● **WHAT IS BEING ASKED**: Reproduce the whole listing below without its pictures, exactly as written.

[SOURCE MATERIAL Boundary: Start]

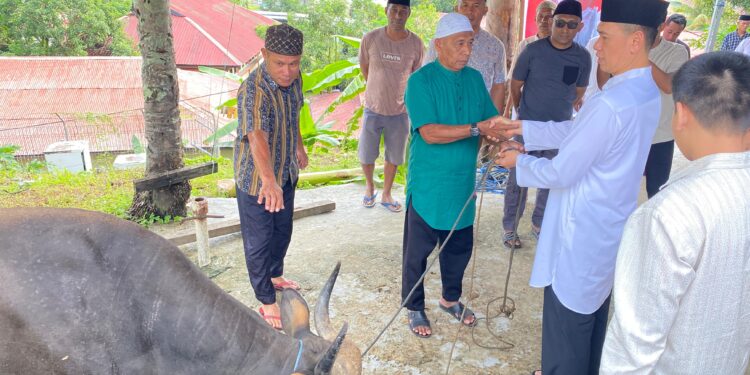 118 Hewan Kurban Disalurkan, Kapolda Maluku; Ini Bukan sekadar Ritual, Tapi Wujud Pengabdian Polri untuk Rakyat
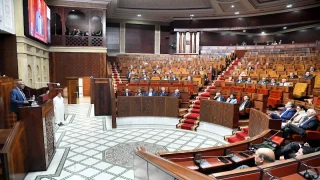 حزب «الديمقراطيين الجدد» يدخل البرلمان لأول مرة، بينما يعود «الصنبور» و«تفاحة» إلى مجلس النواب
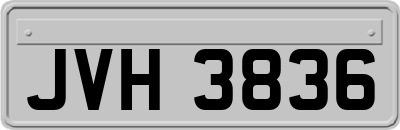 JVH3836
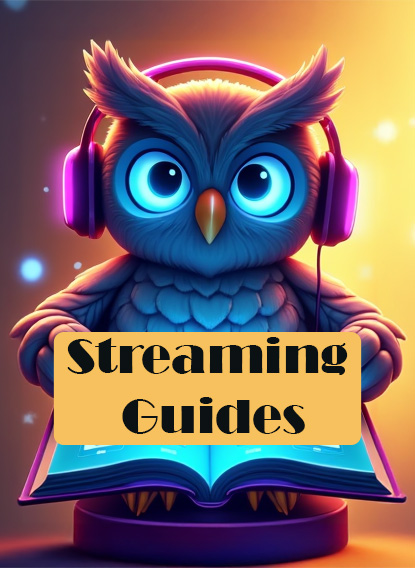 Streaming Guides Category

[SOURCE MATERIAL Boundary: End]

● **SOLUTION FOR THIS TASK**:
 118 Hewan Kurban Disalurkan, Kapolda Maluku; Ini Bukan sekadar Ritual, Tapi Wujud Pengabdian Polri untuk Rakyat
 حزب «الديمقراطيين الجدد» يدخل البرلمان لأول مرة، بينما يعود «الصنبور» و«تفاحة» إلى مجلس النواب
 JVH3836
 Streaming Guides Category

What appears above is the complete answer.